August Willemsen chose “De taal als bril” (he translates this with “Language as Filter”) as the title for a collection of essays in 1987. These prompted him to trust the phenomenon that translating, even if it remains an attempt, clarifies. This also applies to knowledge stories when you try to translate them into the formal languages ​​of mathematics or algorithms. He is now a participant in a world trying to survive the COVID-19 pandemic. Enough reason to see if he can get a better understanding of this world through such translations. First try if there are concepts in the world of common sense that he would like to see translatable into numbers.

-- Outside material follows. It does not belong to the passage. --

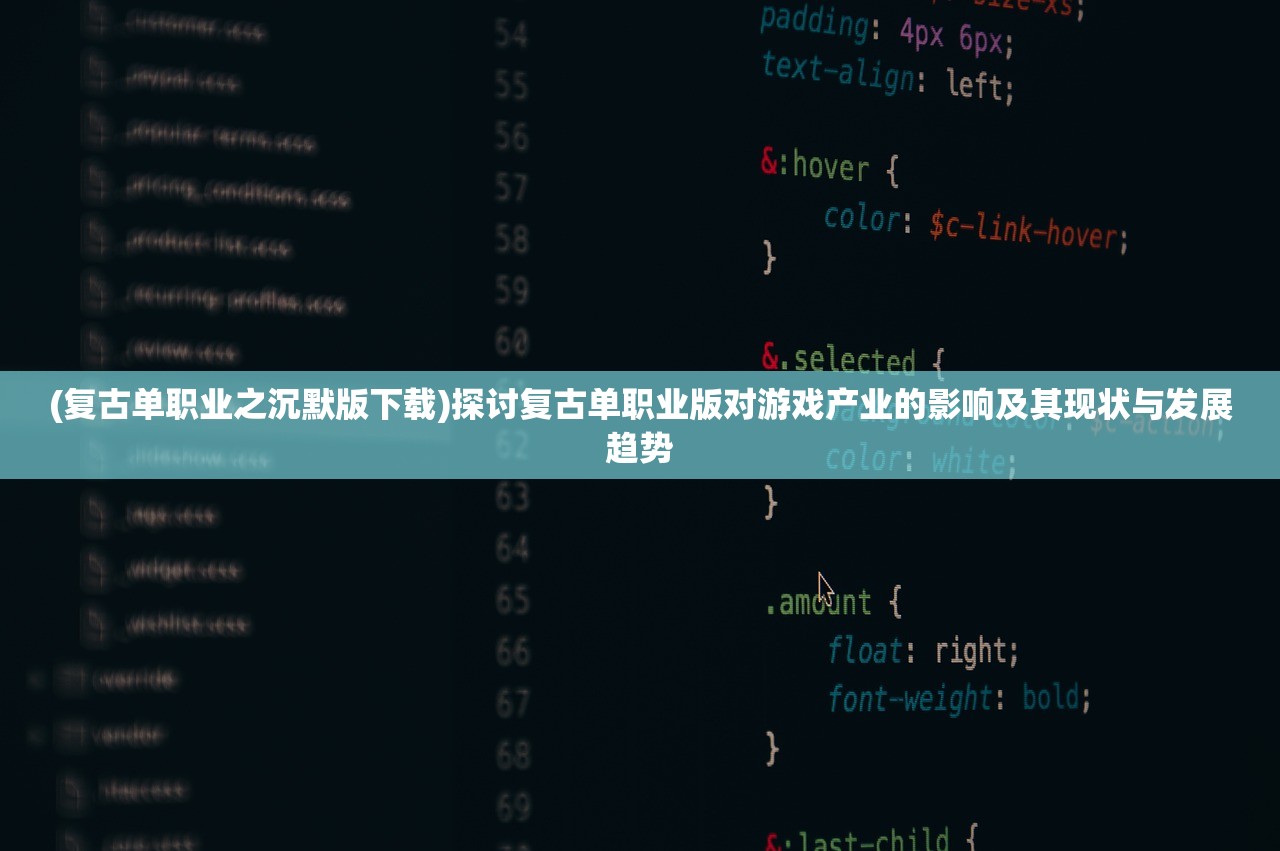 (复古单职业之沉默版下载)探讨复古单职业版对游戏产业的影响及其现状与发展趋势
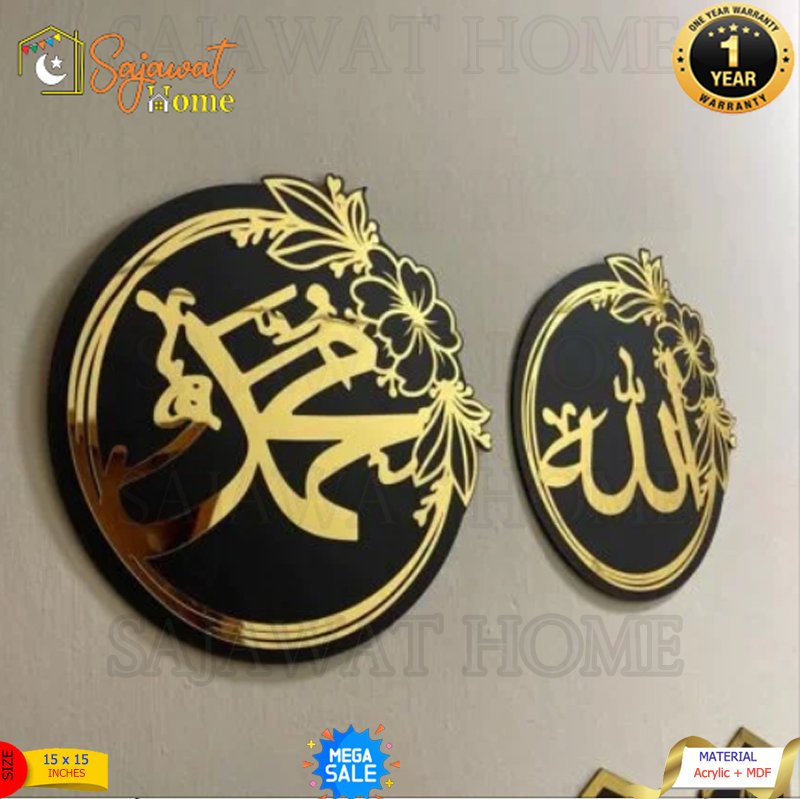 Allah & Muhammad PBUH Name Mirror Frame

He made a preliminary list:

  1. Population compartments (Susceptible, Infected, sick & contagious, Resistant & cured, Deceased)
  2. Date and duration of a reporting period
  3. The risk of contamination with an individual infected ⟶ susceptible contact
  4. The average number of contaminations that a first infected patient would make during the period that he was contagious, in a world with only susceptible people.
  5. The average number of physical contacts that a person would have in the first period of the pandemic (if not yet recognized).
  6. The recovery rate or the chance of recovery once infected
  7. The average recovery time
  8. The average incubation time
  9. The average duration of infectivity
  10. The geographical location of individuals
  11. The architecture and accessibility of mobility networks
  12. The architecture and accessibility of logistics networks
  13. The architecture and accessibility of (mobile) communication networks
  14. The architecture and accessibility of care networks

He would like to know more about all these topics. In order to classify people in one of the four partitions (ad 1), they must be able to be measured and registered as belonging to a category. If we want to have an orderly news provision, we must have good communication networks (ad 13). Many of the other concepts seem useful in creating models that can answer questions such as:

  • How do the numbers and percentages of susceptible, sick, resistant and deceased develop when no measures are taken?
  • What factors / measures can promote / hinder contamination?
  • How are the numbers and percentages of susceptible, sick, resistant and deceased developing under planned and taken measures?

The first question is descriptive, he thought, and could benefit from mathematical statistics and large collections of data. He considers the second question to be a mixture of common sense, science and politics. And the third can be approached by translating behavioral intentions into algorithms that then show how assumptions and parameter values work out, at least in a toy world that emulates them.